Economist: If minimum wage levels are low, employers have a greater incentive to hire more workers than to buy productivity-enhancing new technology. As a result, productivity growth, which is necessary for higher average living standards, falls off. Conversely, high minimum wage levels result in higher productivity. Thus, raising our currently low minimum wage levels would improve the country’s overall economic health more than any hiring cutbacks triggered by the raise would harm it.

Summarize Argument
The economist concludes raising the minimum wage would provide a net benefit to the economy, despite possibly increasing unemployment. Why? Because it would result in higher productivity, and the current low minimum wage incentivizes businesses to hire more workers rather than invest in technology that would improve productivity and allow for higher living standards.

Notable Assumptions
The economist assumes raising the minimum wage would not cause large enough hiring cutbacks to outweigh the benefits of productivity growth. This means assuming the country’s overall economic health depends at least partly on productivity growth.

A
Productivity growth in a country usually leads to an eventual increase in job creation.

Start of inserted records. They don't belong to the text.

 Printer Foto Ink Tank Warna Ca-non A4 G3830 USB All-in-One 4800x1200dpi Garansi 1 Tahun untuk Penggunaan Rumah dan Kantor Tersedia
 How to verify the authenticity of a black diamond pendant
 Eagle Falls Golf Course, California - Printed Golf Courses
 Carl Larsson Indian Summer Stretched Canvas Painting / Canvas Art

This implies the main downside to a minimum wage increase—job losses—will be only temporary, thus strengthening the economist’s case for a higher minimum wage.
B
The economist’s country has seen a slow but steady increase in its unemployment rate over the last decade.
This is irrelevant. It doesn’t imply the increase would still be slow if the minimum wage were raised.
C
A country’s unemployment rate is a key factor in determining its average living standards.

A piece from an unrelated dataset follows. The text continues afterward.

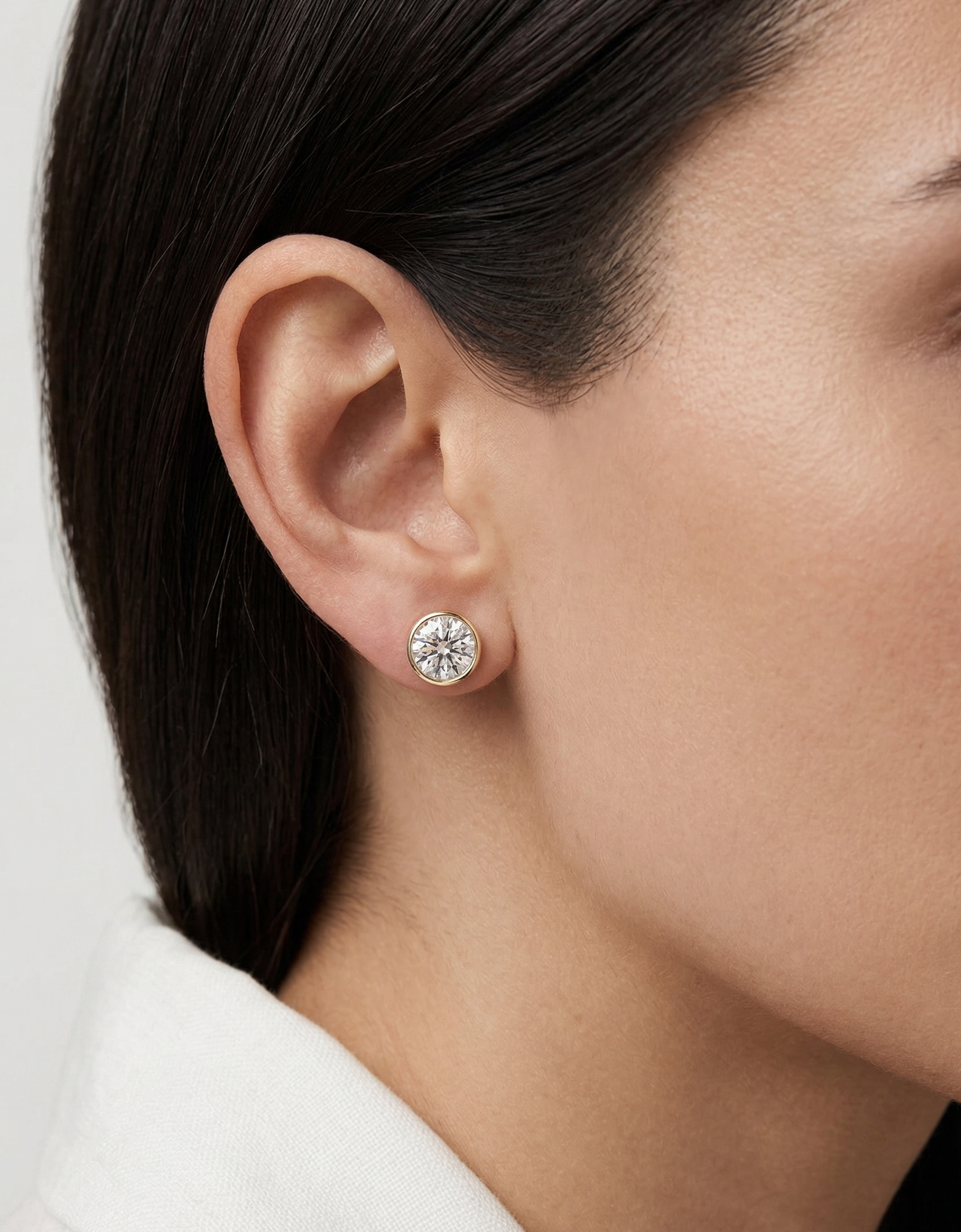 Round Solitaire Luxe Earrings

This weakens the economist’s argument. It suggests extra unemployment caused by a minimum wage increase could cancel out the benefit to average living standards caused by increased productivity.
D
The economist’s country currently lags behind other countries in the development of new technology.
This is irrelevant. It doesn’t say that a higher minimum wage would cause an especially large investment in new technology, nor that such technology would cause an especially large productivity increase.
E
Productivity-enhancing new technology tends to quickly become outdated.
If anything, this weakens the economist’s argument. It implies the primary benefit of raising the minimum wage—greater productivity because of more investment in technology—would be short-lived.